## DATA SECTION
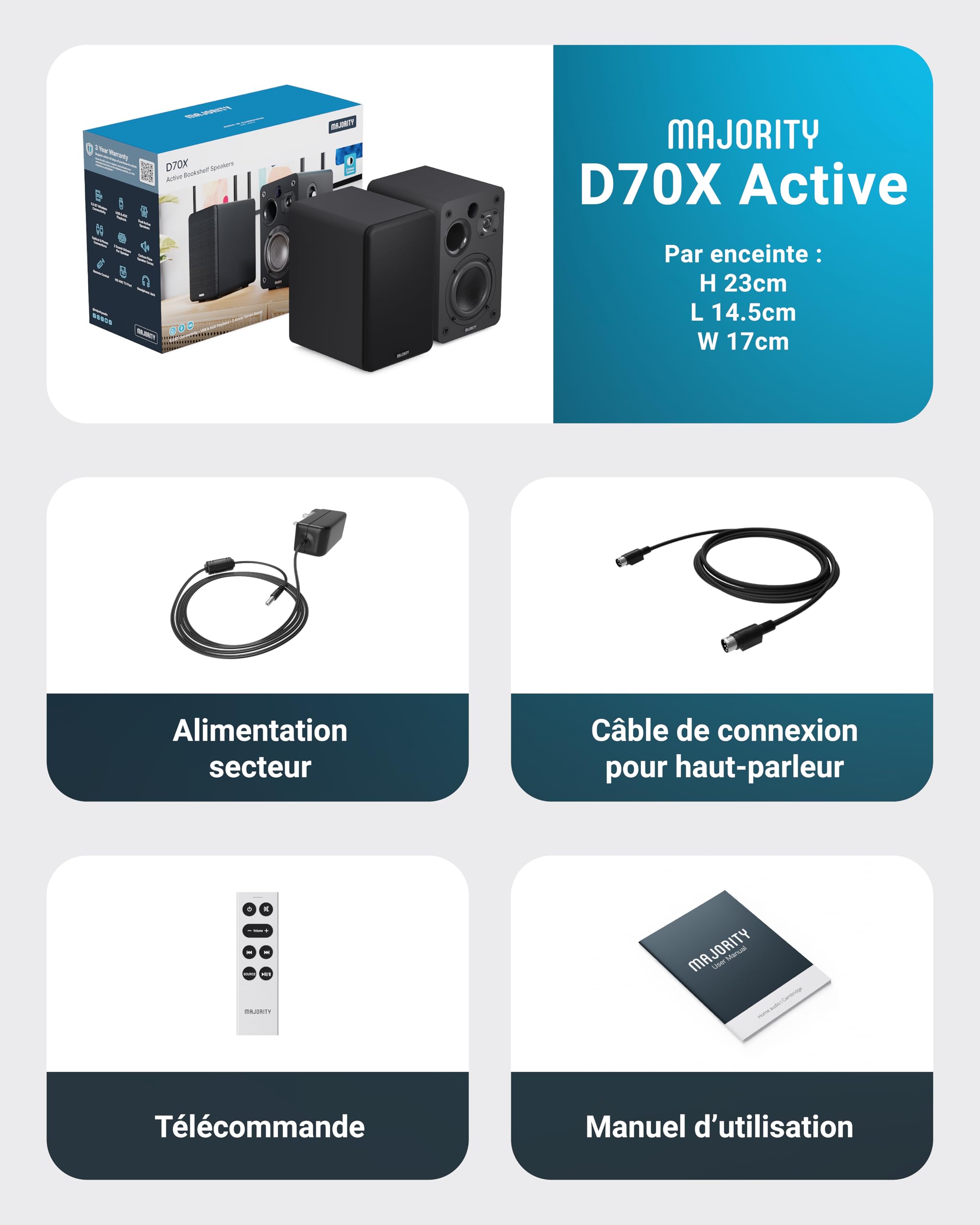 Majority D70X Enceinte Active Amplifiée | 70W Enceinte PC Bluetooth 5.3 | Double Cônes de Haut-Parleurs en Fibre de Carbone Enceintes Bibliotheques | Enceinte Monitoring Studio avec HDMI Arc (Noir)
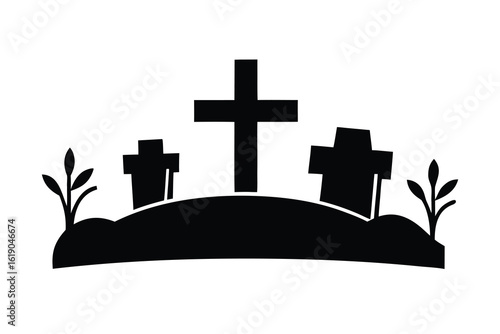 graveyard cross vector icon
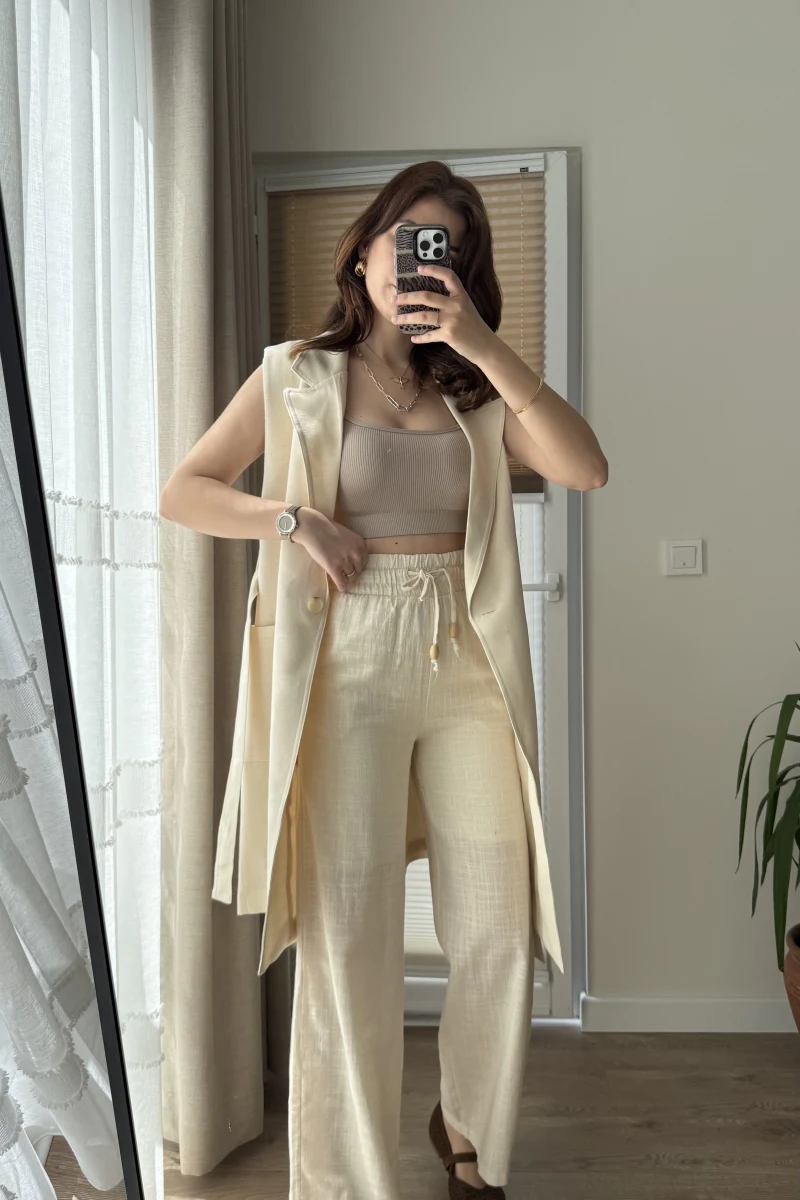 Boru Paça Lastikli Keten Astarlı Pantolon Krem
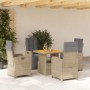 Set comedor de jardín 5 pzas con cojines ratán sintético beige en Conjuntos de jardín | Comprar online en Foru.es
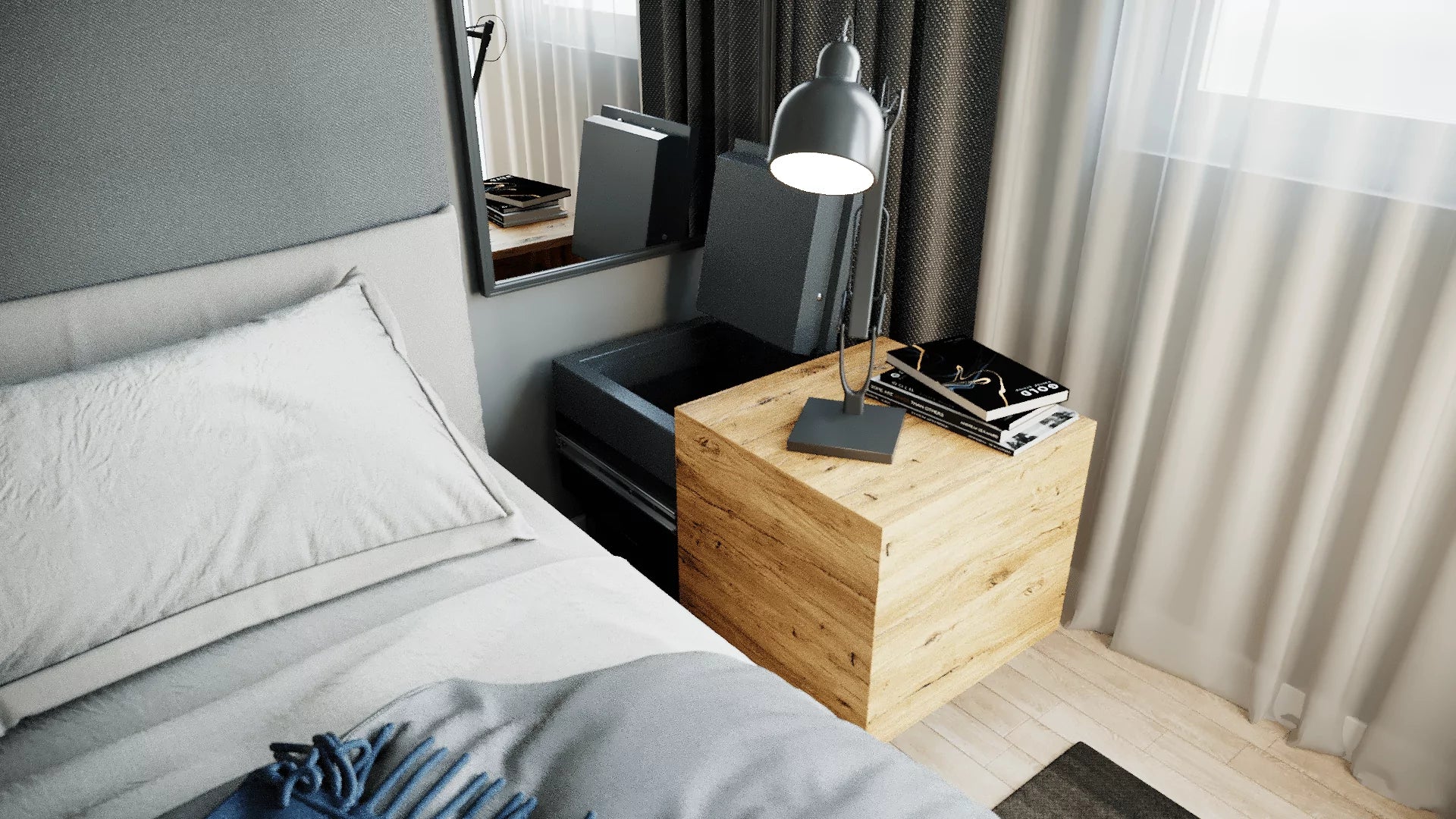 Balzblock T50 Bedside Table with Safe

## INSTRUCTIONS TO FOLLOW
Begin at the line containing "Set comedor de" and transcribe exactly every line through the end of the records, both ends included, leaving the pictures out.

## SOLUTION
 Set comedor de jardín 5 pzas con cojines ratán sintético beige en Conjuntos de jardín | Comprar online en Foru.es
 Balzblock T50 Bedside Table with Safe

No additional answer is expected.